There are explicit memory requirements **per** DB engine **instance**, meaning **per** Netdata 
**node** (e.g. localhost and streaming recipient nodes):

-   `page cache size` must be at least `#dimensions-being-collected x 4096 x 2` bytes.

-   an additional `#pages-on-disk x 4096 x 0.03` bytes of RAM are allocated for metadata.

    -   roughly speaking this is 3% of the uncompressed disk space taken by the DB files.

    -   for very highly compressible data (compression ratio > 90%) this RAM overhead
        is comparable to the disk space footprint.

An important observation is that RAM usage depends on both the `page cache size` and the 
`dbengine disk space` options. 

## File descriptor requirements

The Database Engine may keep a **significant** amount of files open per instance (e.g. per streaming
slave or master server). When configuring your system you should make sure there are at least 50
file descriptors available per `dbengine` instance.

Netdata allocates 25% of the available file descriptors to its Database Engine instances. This means that only 25%
of the file descriptors that are available to the Netdata service are accessible by dbengine instances.
You should take that into account when configuring your service
or system-wide file descriptor limits. You can roughly estimate that the Netdata service needs 2048 file
descriptors for every 10 streaming slave hosts when streaming is configured to use `memory mode = dbengine`.

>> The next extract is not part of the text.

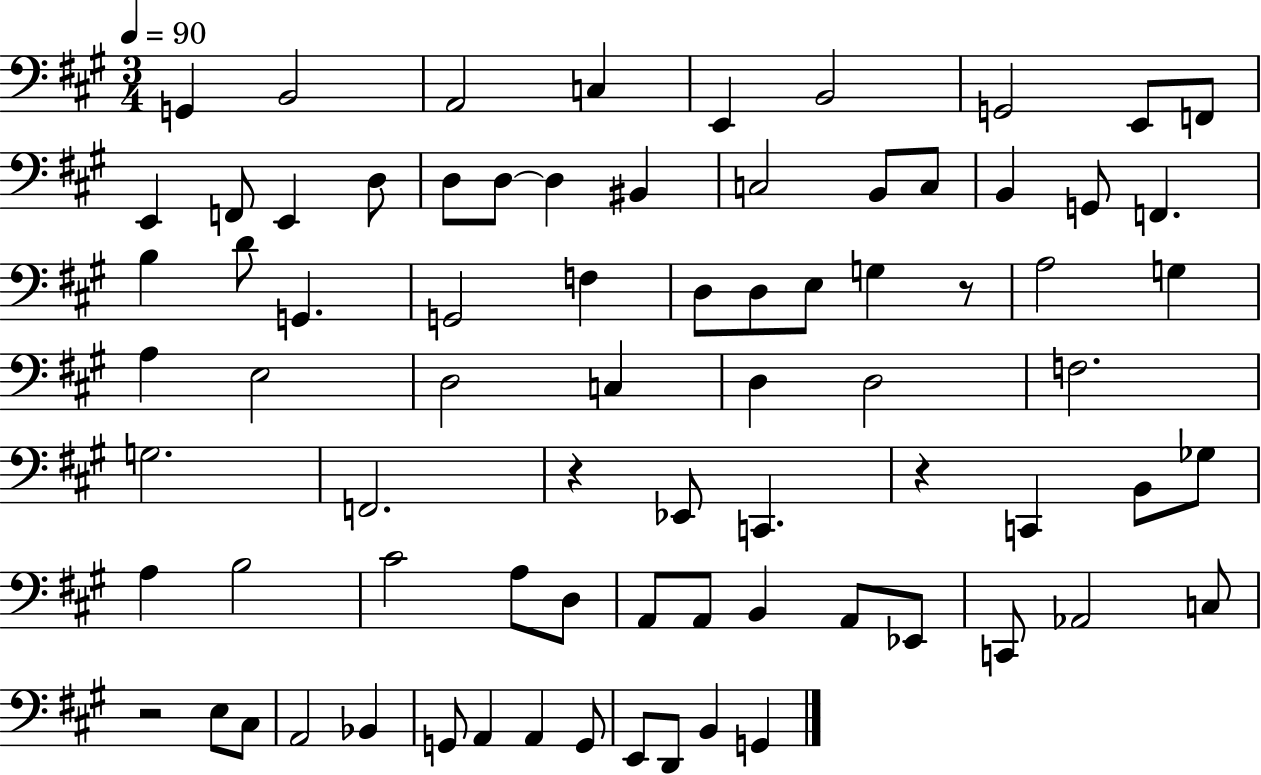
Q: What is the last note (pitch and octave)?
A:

If for example one wants to allocate 65536 file descriptors to the Netdata service on a systemd system
one needs to override the Netdata service by running `sudo systemctl edit netdata` and creating a
file with contents:

```
[Service]
LimitNOFILE=65536
```

For other types of services one can add the line:

```
ulimit -n 65536
```

at the beginning of the service file. Alternatively you can change the system-wide limits of the kernel by changing `/etc/sysctl.conf`. For linux that would be:

```
fs.file-max = 65536
```

In FreeBSD and OS X you change the lines like this:

```
kern.maxfilesperproc=65536
kern.maxfiles=65536
```

You can apply the settings by running `sysctl -p` or by rebooting.